On the surface, the breezy rom-com depicts a world we don't know anymore. Answering machines play an important role in the plot's development. CEOs don't know how to use computers. The Twin Towers feature prominently in establishing shots.
Still, Working Girl's themes ring frustratingly true. Sexism is rampant, harassment permeates, and a woman's appearance is sometimes just as serious of business as, you know, actual business.
To the modern viewer, Tess’s teased curls slightly resemble Nick Nolte’s mugshot. In 2018, if you showed up to the office with Tess's hairstyle, Rhonda from accounting might lean over and ask if you were feeling OK.
Point being: styles change, but for many, Tess’s words still ring true. But if her helmet-like crown doesn’t cut it, then how has "serious hair" evolved in the 30 years since the film's release?
For many, the answer can be found in Brookfield Place, a high-end mall located directly across from the World Trade Center. Sandwiched between a Starbucks and a Babesta baby boutique sits Drybar, a hairstyling chain that offers “no cuts, no color, only blowouts” for $40 a pop.
“They line up outside at 6:45 and wait for us to open,” store manager Tara Mulholland said of modern-day Tesses. “It’s like an assembly line in the morning.” Some women come in up to three times a week, and a few make a daily habit out of blowouts.

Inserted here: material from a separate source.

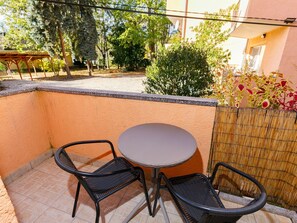 Pflanze, Eigentum, Möbel, Tabelle, Stuhl, Gebäude, Gartenmöbel, Schatten, Beleuchtung, Interior Design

According to Mulholland, the most popular style is called the “Straight Up,” a sleek, no-frills style on top with a soft curl at the end. It's 50 percent Rachel Green, 50 percent Rachel McAdams in Spotlight, and zero percent personality.
That's kind of the point. “It’s something that just looks effortless,” Mulholland said. “They don’t want to look like they’re trying too hard, but they still want to look powerful.”
Though it’s a generalization, Mulholland said that “on average” the women’s hair falls just below their collarbones. When a woman comes into the salon with longer hair, Mulholland pegs her for a young student from a nearby university, not a Working Girl.
Along with length, color is an important factor of power hair. In 2017, Eileen Carey, CEO of Silicon Valley startup Glassbreakers, told the BBC that she dyes her naturally blonde hair brown in an effort to present herself as professional.
"The first time I dyed my hair was actually due to advice I was given by a woman in venture capital," Carey said. "I was told for this raise [of funds], that it would be to my benefit to dye my hair brown because there was a stronger pattern recognition of brunette women CEOs."
On the east coast, women ditch the bleach, too. "Wall Street is really tough, and people will tell you that your hair being a certain color makes others think you are less intelligent," Sterling McDavid, a former Goldman Sachs analyst, told The Daily Beast. "Before I even interned there, I took my hair from blonde back to my natural light brown hair.”
The night before her first day as a summer associate, Hannah Hwang subjected herself to a similar ritual, correcting a platinum dye job to its natural black. “I asked my friends and family ‘Do you think they’d mind?’” Hwang recalled. “No one was supportive of me going to work with white hair."
What would happen if, hypothetically, a woman rolled into work with bubblegum pink hair? “You would not get invited to meet with clients, 100 percent," said Hwang, now an associate at international law firm Milbank, Tweed, Hadley & McCloy, “You would not get invited to meet with clients, 100 percent.”
If Tess's best friend Cyn (Joan Cusack) were to be re-written for 2018, she very well might have rainbow hair.
In the film, her gaudiness is portrayed to the tune of teal eye shadow and a mullet-esque rat's nest. This shows that unlike Tess, Cyn won't masquerade as a "serious" person. She is who she is, and proud and comfortable with it. She starts and ends the film as a secretary.
In the movie's obvious hair-signposting, her outrageous personality and huge hair are indivisible, and immediately tell us she's not of the Wall Street executive class Tess aspires to. Her scene-stealing one liners win every time.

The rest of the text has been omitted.